FASB’s ITC describes “four potential approaches to provide financial statement users with more information about intangible assets,” including R&D:
Although additional information on intangibles, including R&D, is desired by some users of financial statements, concerns have also been voiced by preparers about the cost and complexity of providing such information -particularly if an ongoing fair value or impairment valuation model is required.
Roundtables in November
“We plan to seek feedback throughout the fourth quarter, and have a public discussion with our stakeholders, as to whether or not we should change the accounting for intangible assets, including research and development,” Golden said to Sherman, adding, “I look forward to talking to your office as that process continues.”
“I look forward to a situation in which you can’t build a two-story apartment building in my community without a public hearing, FOIA request, and people paying attention,” said Sherman, adding, “But you can do damage to the entire state of science and research for decades, and as long as your ruling comes out of Norwalk, Connecticut nobody pays any attention.”
Norwalk, CT will be the site of the first of two public roundtables on FASB’s agenda consultation on November 16, followed by a roundtable at the Stanford University Graduate School of Business on November 29.
Ciesielski, Others React
Jack Ciesielski author of The Analyst’s Accounting Observer , a former member of various FASB advisory committees, and one of the nine people with ties to MACPA included in AccountingToday’s Top 100 most influential people in accounting, shared his thoughts.

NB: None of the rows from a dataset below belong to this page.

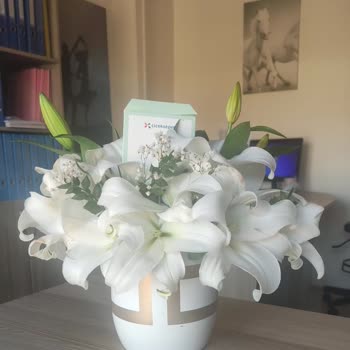 364436233 Numaralı Çiçek Sepeti Alışverişim Görselle Alakasız Geldi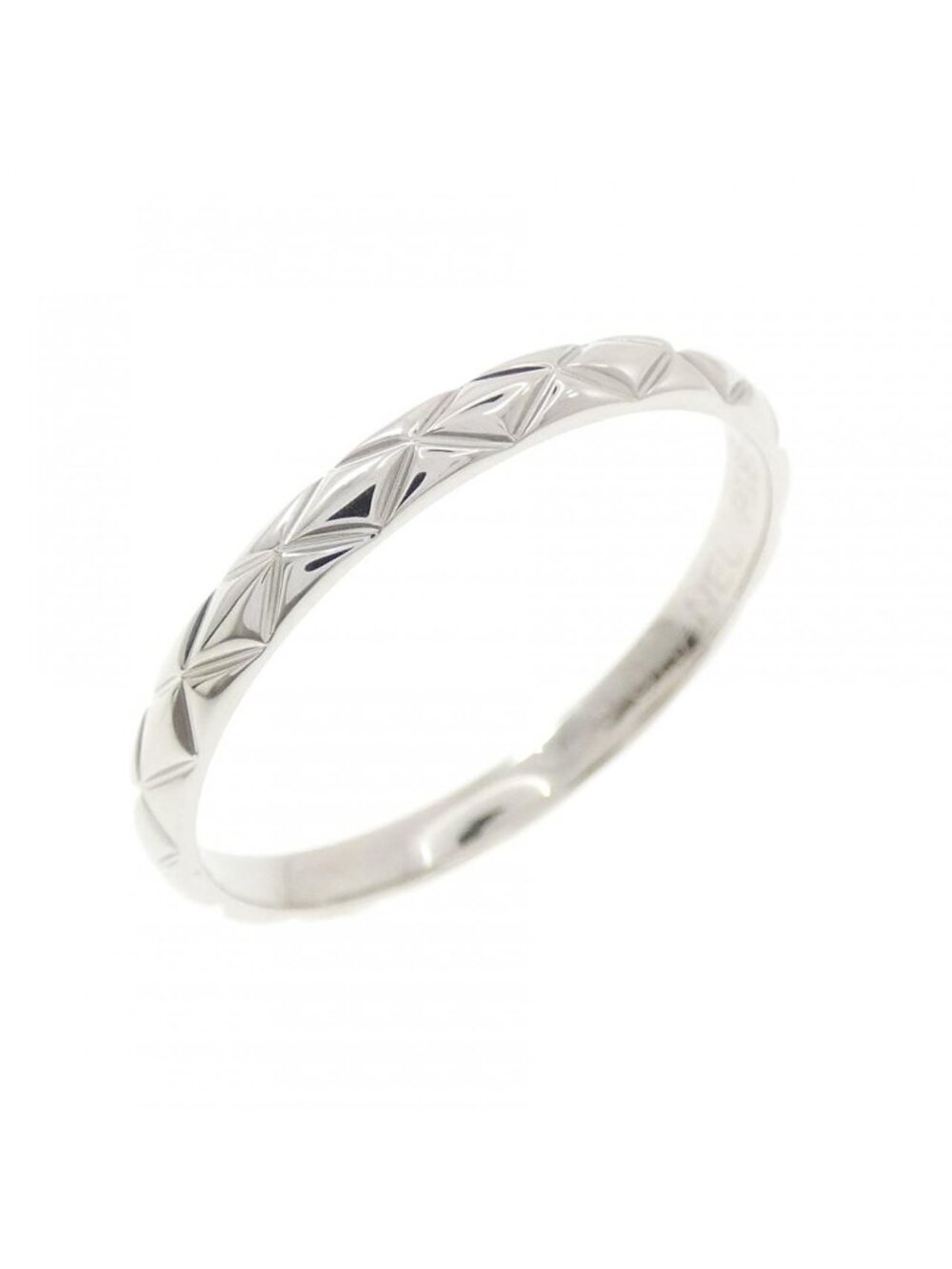 Chanel Quilted Ring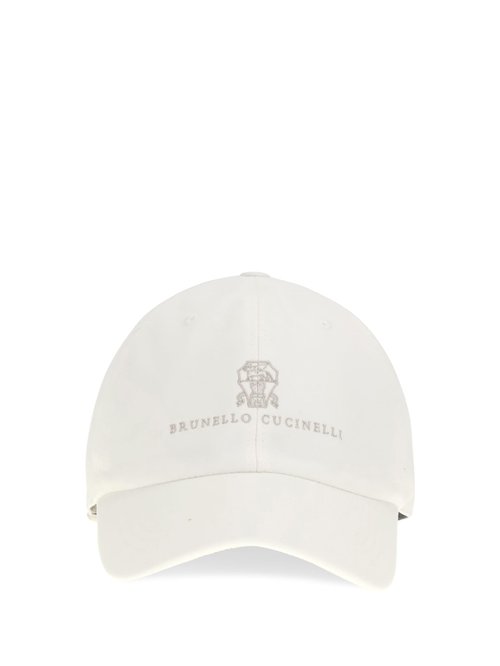 Brunello Cucinelli Logoed Baseball Hat - M252D9850_CBN53
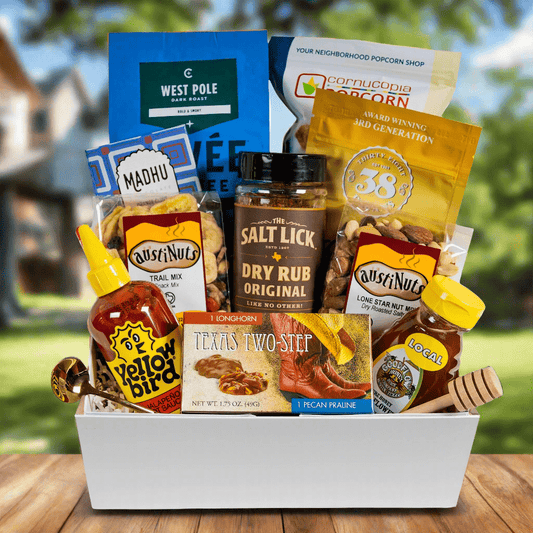 The Austin Gift Box | Austin Gift Baskets - The Artisan Gift Boxes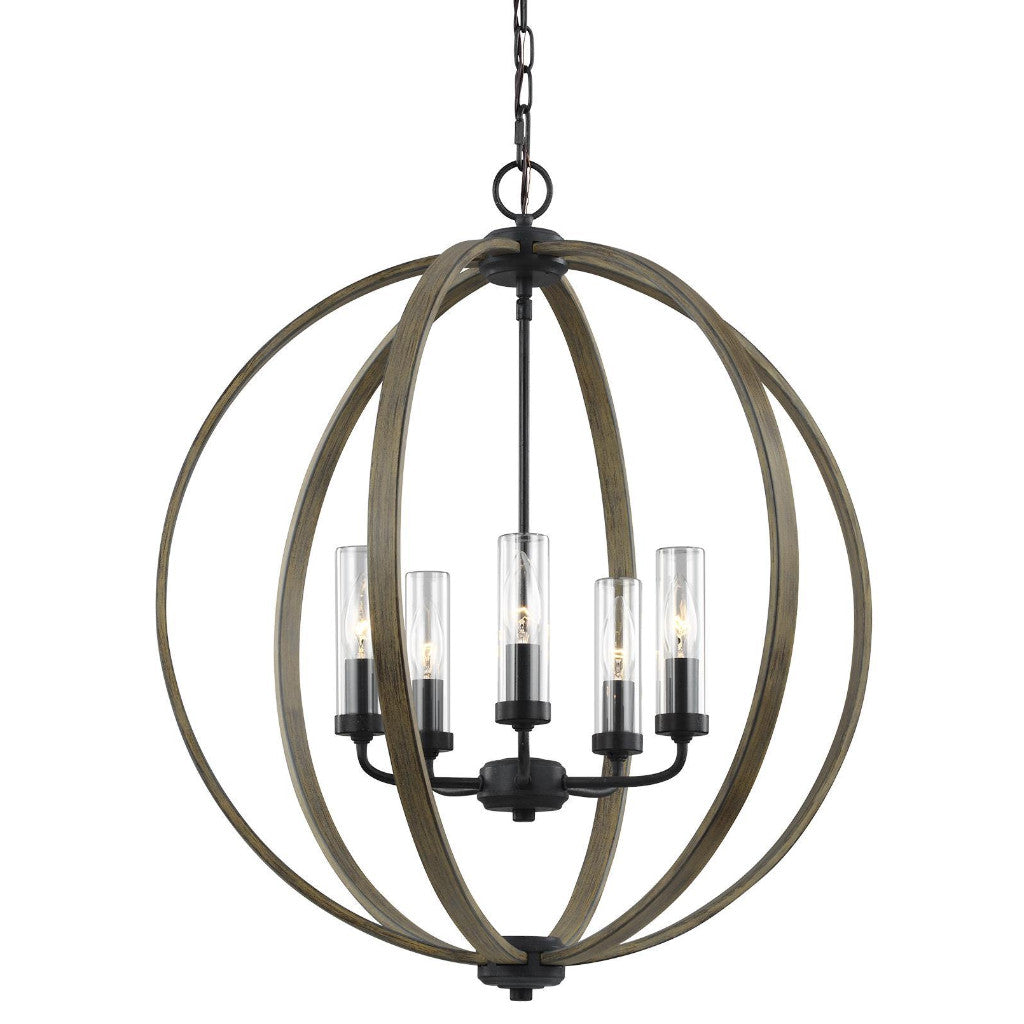 Liaw Outdoor Chandelier
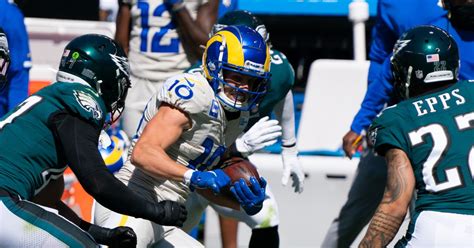 Rams Eagles Prop Bets Will WR Cooper Kupp Score TD In His 2023 Debut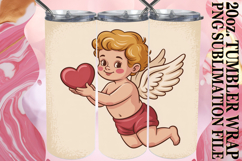 RADIANT ENCOUNTERS 20oz TUMBLER WRAP, Cupid Product Image 1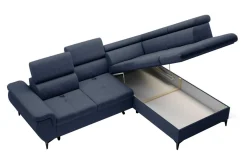 Werdomo Narożnik rozkładany z regulacją oparcia MONK II prawy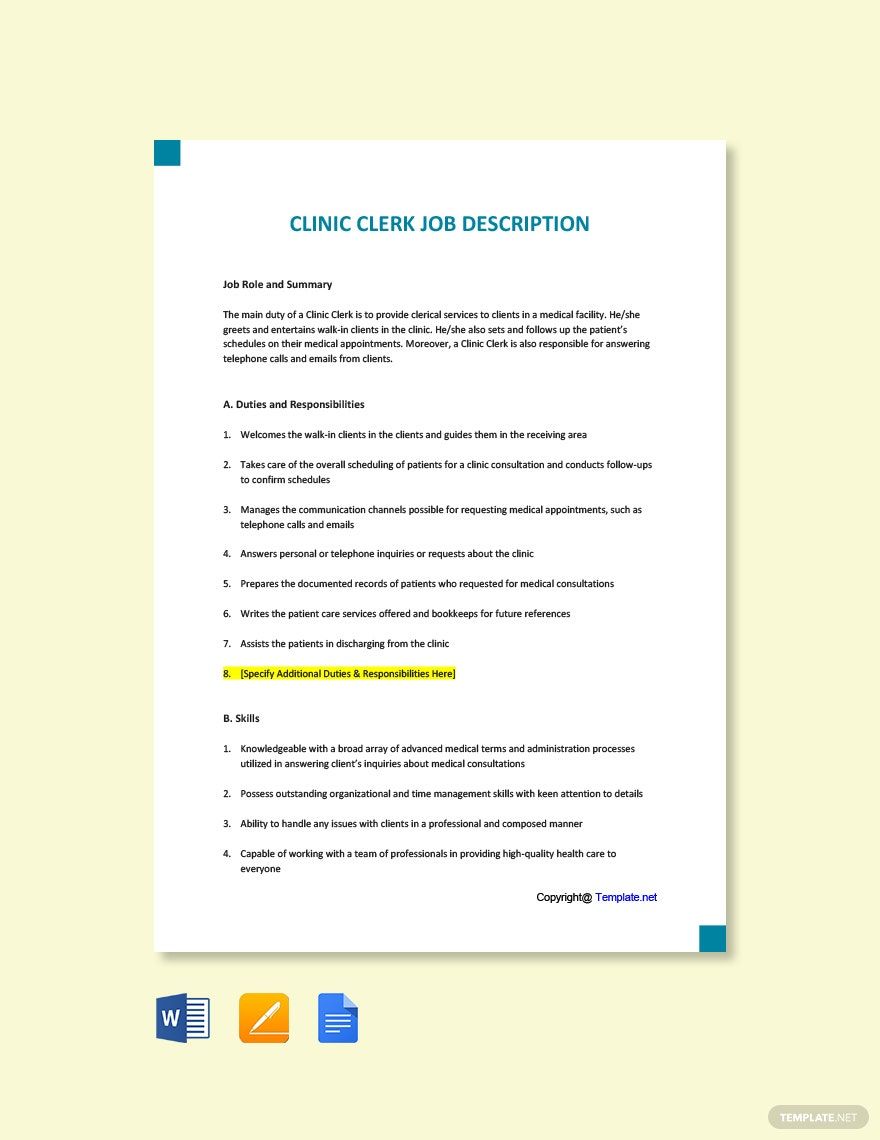 free-clerk-job-description-pdf-template-download-template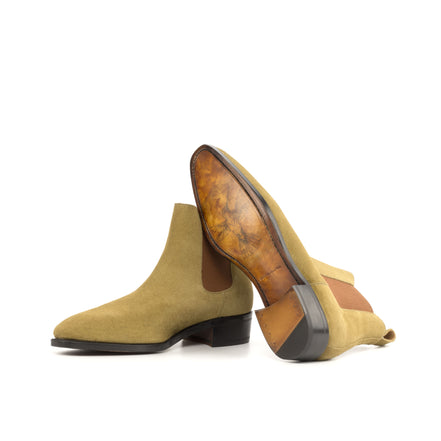 Khaki Chelsea Boot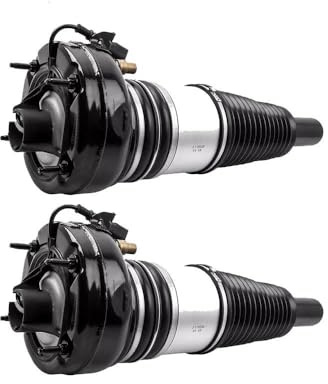DKPMWD Suspension Pneumatique avec Paire De Jambes De Suspension Pneumatiques Avant pour A6 C7 A7 A8 D4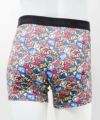 NAVY  メッシュボクサーパンツ ロゴ柄 メンズ メール便 対応商品商品サムネイル-3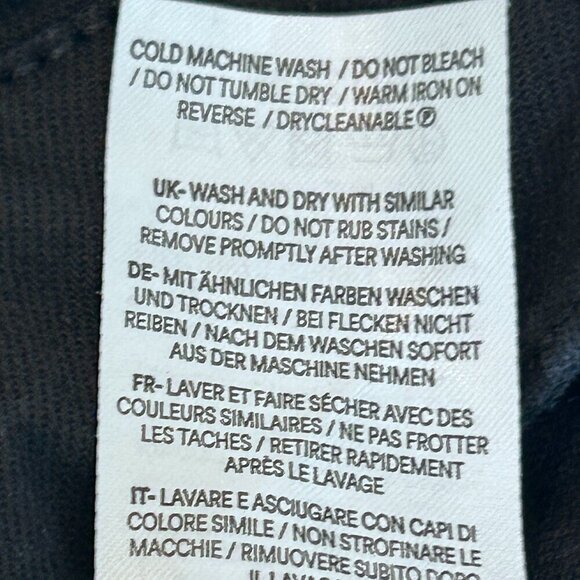 Boden Women's Black Denim Skinny Jeans Size 26 - Picture 5 of 8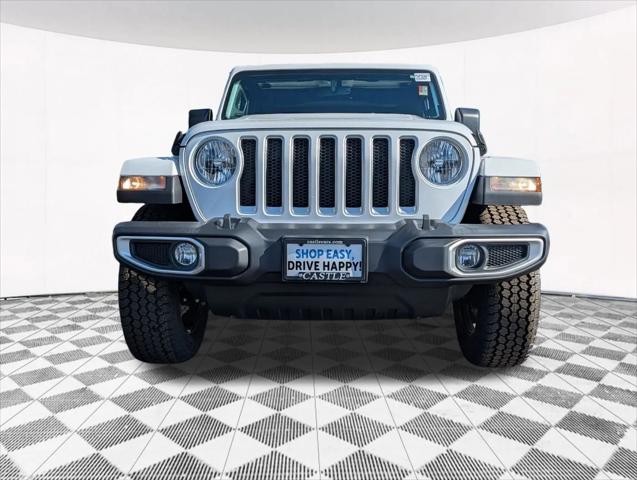 2022 Jeep Wrangler Unlimited Sahara 4x4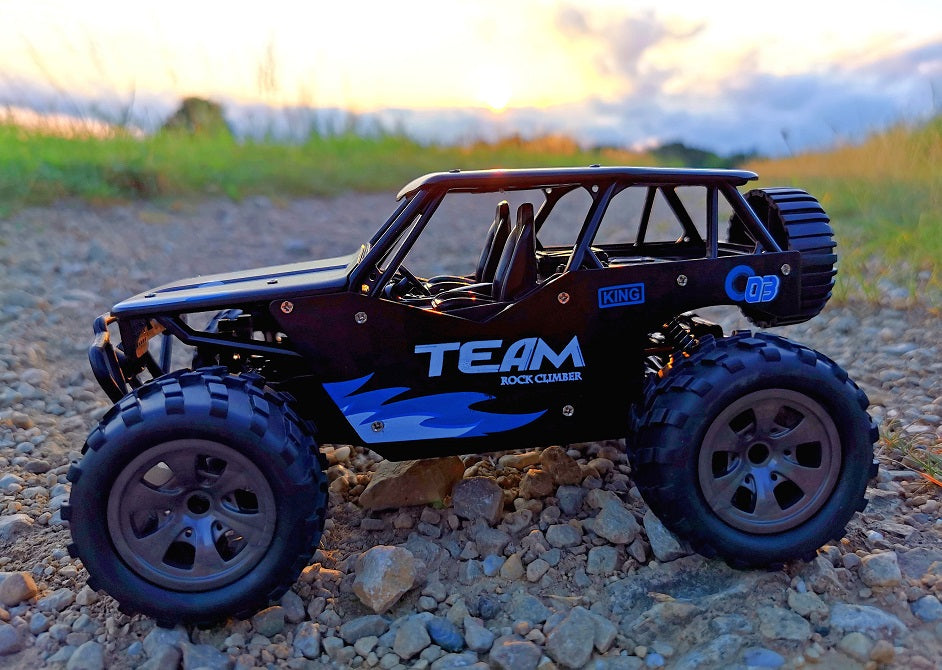 RC 2,4 Ghz. Monster Truck SUPER COBRA Ferngesteuertes Auto Monster Truck Buggy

“Rep. Sherman has got a good point on R&D, and that’s certainly a sentiment shared in Silicon Valley,” said Ciesielski, adding, “The FASB is going about it in a more thorough way that reflects the whole economy’s problem with intangibles. It’s a problem with all intangible assets that get expensed, not just R&D, and though it may seem like they’re plodding, I support their methodical, ‘non-targeted’ approach.”
Asked which of the four alternatives for R&D he favors, he replies, “I can’t say for now whether disclosure or asset recognition is better – each has its points – but these have to be explored much more fully by FASB before one can say one is definitively better than another.” Look for details in Ciesielski’s forthcoming comment letter on the ITC.
As of October 9, there are currently four letters in FASB’s comment file on the ITC, including one from Rep. Sherman that attaches a related letter he sent to SEC Chair Mary Jo White asking for action on his request to have FASB undo its requirement to expense R&D.
Letters from two CPAs ask FASB to slow down, pointing out the pressure practitioners are under to keep up with new standards.
“Please take a sabbatical,” Jeffrey Peskin asks the FASB, “so that those members, like myself, who need to perform client service in addition to studying the rules, have a realistic possibility of complying with the ever changing standards.”
“Stop! We are drowning in changes and the last thing we need is new standards,” writes Darren Landry. “Let everything set for a while, take a vacation or something and let us catch up.”
As noted by Rep. Sherman at the Congressional hearing, “Just because accounting’s boring, doesn’t mean it’s not important.”